Sharing a duckblind vs. blind justice
WASHINGTON
In no other courtroom in the land - perhaps in the world - is it left to a judge to decide solely on his or her own whether the appearance of conflict requires the judge to step back from a case.
But then the United States Supreme Court is rather special, as we learned on Dec. 12, 2000, when five members handed the presidency to George W. Bush.
For more than two years, Vice President Dick Cheney has been resisting demands that he release records of the energy task force that he headed. The Sierra Club and Judicial Watch want to know especially whether industry figures, like Ken Lay of Enron, helped to write a policy that favored oil and gas companies.
A lower court ordered Mr. Cheney to release the records. The administration appealed to the Supreme Court, which announced on Dec. 15 that it would hear the case. Three weeks later, on Jan. 5, Justice Antonin Scalia and several others flew down to southern Louisiana with the vice president on his official plane, Air Force Two, for a few days of duck hunting.

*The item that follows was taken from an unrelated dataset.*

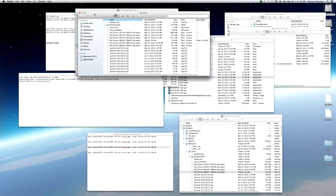So those are the instructions for duplicating for multi-boxing, tranquility and singularity EVE online clients on a Macintosh. I hope this was useful. Thank you for watching.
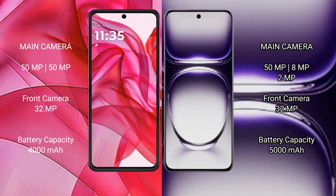The Motorola Razr 50 Ultra has a 4000mAh battery with 45W fast charging support. The OPPO Reno 12 has a 5000mAh battery with 80W fast charging support.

The hunting camp is owned by the head of a local oil services company. The local police were asked to keep their presence a secret. Speak of undisclosed locations!
But, after their departure, the trip became known to the Associated Press and the Los Angeles Times. Justice Scalia has, so far, refused to recuse himself - that is, disqualify himself from hearing the Cheney case. In a written statement he said, "I do not think my impartiality could reasonably be questioned." He compared the trip to being invited to dinner at the White House.
At an Amherst College gathering this week Scalia stuck to his guns, saying that this was "a government issue," not a lawsuit against Cheney as a private person.
Democratic Senators Patrick Leahy and Joseph Lieberman have written Chief Justice William Rehnquist asking whether Scalia can be a "fair and impartial adjudicator" in the Cheney case.
The Chief Justice replied that the court has no formal procedure for reviewing a justice's own decision, and he suggested the senators' complaint was "ill considered."
So, unless the strong-minded Scalia changes his mind and recuses himself from a case involving his duck- hunting friend, you can expect in coming weeks to hear a lot of, "If it looks like a duck and quacks like a duck...."
• Daniel Schorr is a senior news analyst at National Public Radio.